Introducing the Cisco Catalyst 8500L Edge Platform
The Cisco® Catalyst® 8500L Edge Platform rounds out the Catalyst 8500 Series Edge Platform portfolio. While the rest of the 8500 Series fills the 100- to 200-Gbps forwarding profile, the 8500L platforms brings that same feature set to the 20-Gbps network position. This functional consistency is a tremendous advantage. Network architects and designers will be interested to learn what the 8500L adds to the Cisco ASR 1001-X platform as well as what it brings in consistency with the Catalyst 8500 platforms.
Cisco launched the all-new Cisco Catalyst 8500 Series Edge Platforms in late 2020. These platforms are next-generation successors to the Cisco ASR 1000 Series Aggregation Services Routers. The ASR 1000 Series platforms have delivered cutting-edge services combined with performance and encryption since their release in 2008. As Cisco moves forward in the edge and aggregation space, the Catalyst 8500 Series Edge Platforms are highly capable and purpose-built to address traditional WAN, emerging SD-WAN, and colocation use cases, continuing the success of the ASR 1000 Series.
In addition to the Cisco QuantumFlow Processor™ based C8500-12X4QC and C8500-12X platforms, there is the C8500L-8S4X platform. The C8500L-8S4X platform shares almost all of the features and behavioral characteristics of the two higher-end platforms. However, it uses a different data plane architecture to deliver that compatible feature set at a comfortable performance and price combination. The C8500L-8S4X and C8500-12X are the recommended migration paths for the ASR 1001-X and ASR1002-X, offering greater performance with similar price points.
First, however, the bar should be set for what all the Cisco Catalyst 8500 Series Edge Platforms deliver:
● Built-in processor(s) with dedicated cores for:
◦ Data forwarding
◦ Cryptography
◦ Control plane
◦ Services plane
● Redundant AC or DC power supplies
● On/off switches on the power supplies (AC and DC)

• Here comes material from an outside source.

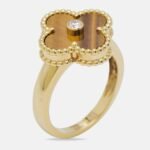 Van Cleef and Arpels Vintage Alhambra ring - 图片 3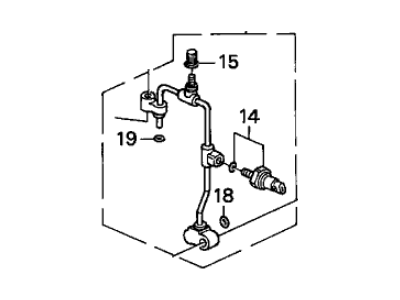 Acura 80331-SP0-033 Pipe, Condenser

● Replaceable fan assembly
● Flexible 10G/1G interfaces for varied network topologies across all models
● Flexible 100G/40G interfaces (C8500-12X4QC)
● Optional RFID hardware
The Catalyst 8500L platform hardware is set apart because of its use of a 12-core Intel® x86 chip for the entirety of the platform’s functionality. Depending on a user-addressable software configuration, the cores on that chip are dedicated to different functionalities. The cores are distributed among control plane, data plane, cryptography, and an optional services plane. This allows maximum flexibility for network functionality as needs potentially change over time.
C8500L-8S4X connections
The C8500L-8S4X platform offers a 1-rack-unit solution that addresses the aggregation and edge network role with up to 20 Gbps of performance. The platform does this while providing eight dedicated 1G interfaces (8S) and four flexible interfaces that can be configured as either 1G or 10G speed (4X). All interfaces are active and require no port licensing. The full throughput of the platform is available as well. However, crypto throughput, via IPsec, is licensed at various levels of throughput. WAN MACsec is available on all interfaces and is not rate limited.
The Catalyst 8500L platform has a built-in control plane to establish route processor functionalities. Two of the twelve cores are always dedicated for control plane functionality.

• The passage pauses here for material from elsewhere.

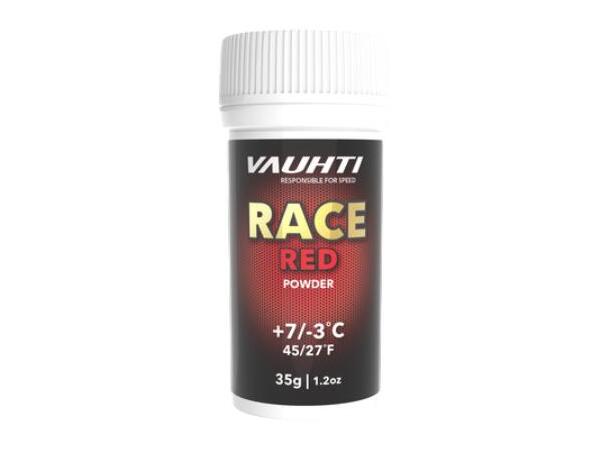 Vauhti Race Red Powder +7/-3 35G Topp ytelse fra -3° til +7°C 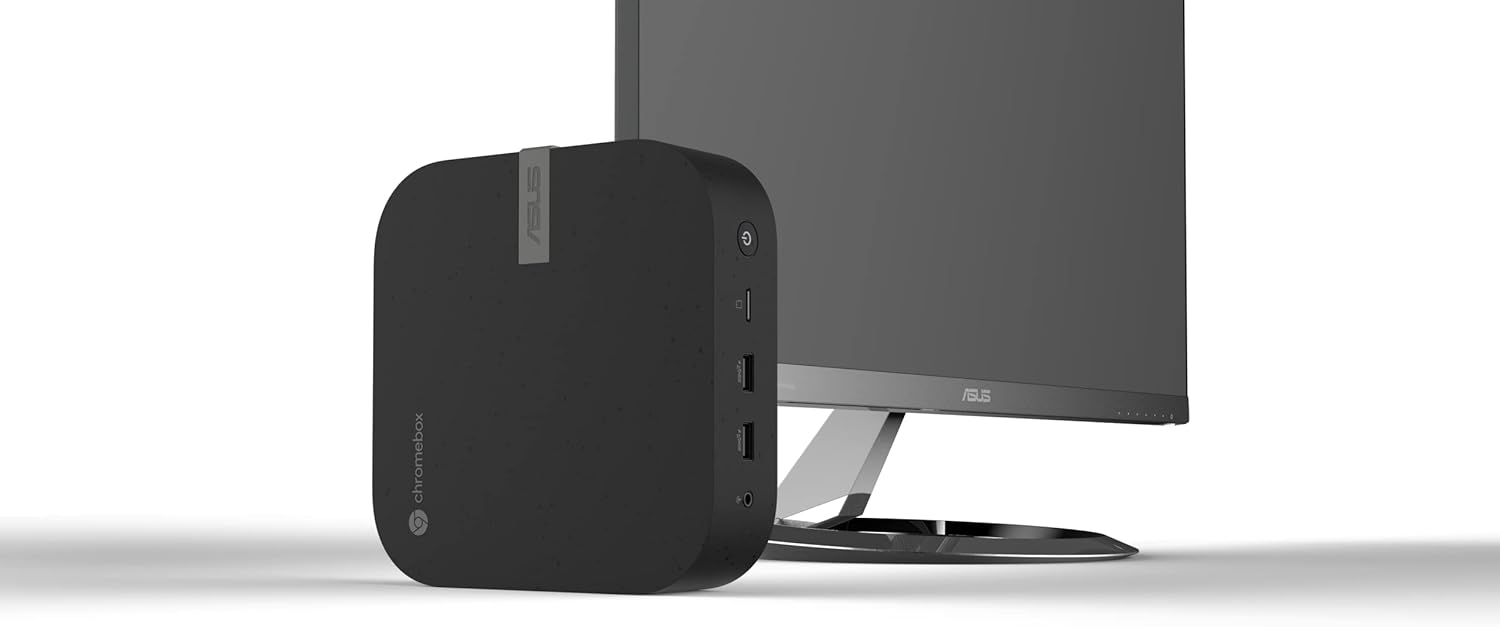 ASUS Chromebox 5 Mini Desktop Intel Core i3-1220P, 8GB RAM, 128GB SSD — Being Shipped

The control plane implementation is responsible for the following functions:
● Running the router control plane, including network control packets and connection setup
● Synchronizing the active and standby processes in dual Cisco IOS® redundancy operation
● Code storage, management, and upgrades
● Onboard failure logging (OBFL)
● Downloading operational code for interface control blocks and forwarding processor, QFP over Ethernet out-of-band channel (EOBC), which is used for communication between the control processors on the 8500 Series
● The Command-Line Interface (CLI), alarm, network management, logging, and statistics aggregation
● Punt path processing of packets is not supported by the Catalyst 8500 or 8500L embedded services processors
● A configuration repository for logging system statistics, records, events, errors, and dumps of the management interfaces of the platform, including the console serial port
● The MGMT Ethernet (ENET) management ports, CLI, status indicators, USB ports for secure key distribution, and a micro-USB console
● The field-replaceable fan tray, power supply module, online insertion and removal (OIR) events, etc.

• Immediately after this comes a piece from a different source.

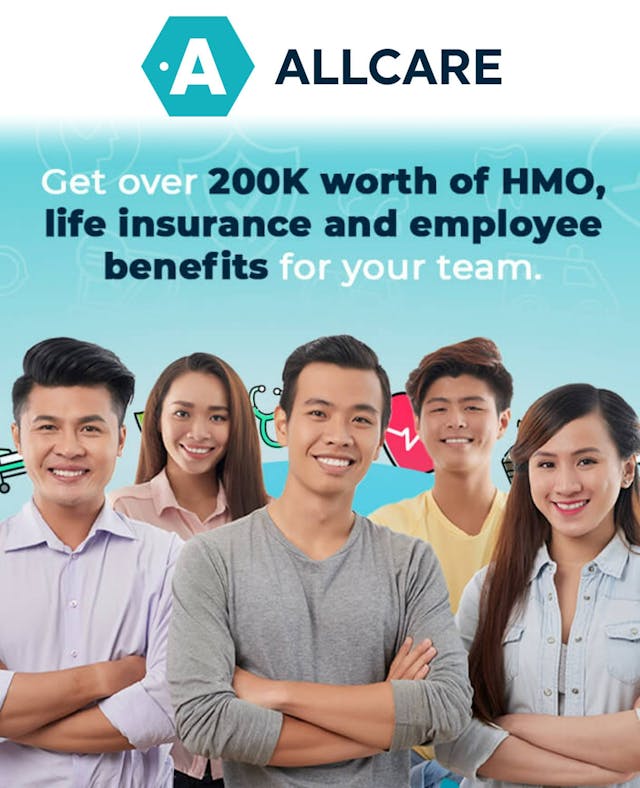 Employee Health Insurance Benefits Package (HMO and other perks) for Groups by ALLCARE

● The chassis management, including activation and initialization of the other hardware in the chassis, image management and distribution, logging facilities, distribution of user configuration information, and alarm control
● The control signals for monitoring the health of power entry modules, shutting down the power, and driving alarm relays located on the power entry modules
Traditionally the data planes of Cisco’s enterprise edge and aggregation platforms have been based on the Cisco QuantumFlow Processor Application-Specific Integrated Circuit (ASIC). This architecture continued into the Catalyst 8500 Series with the use of the third-generation Cisco QuantumFlow Processor. That ASIC enables those platforms to deliver 100 Gbps and higher performance. Not all network locations require that level of performance, however. There are numerous deployments that require the same level of feature flexibility but a lower level of throughput. This is where the C8500L-8S4X platform excels. It offers virtually an identical set of features to that of the Catalyst 8500 platforms but at a lower performance point and, perhaps more crucially, a lower price point. The feature variation is specifically related to limited use cases requiring classification of ingress packets prior to processing by the data plane cores.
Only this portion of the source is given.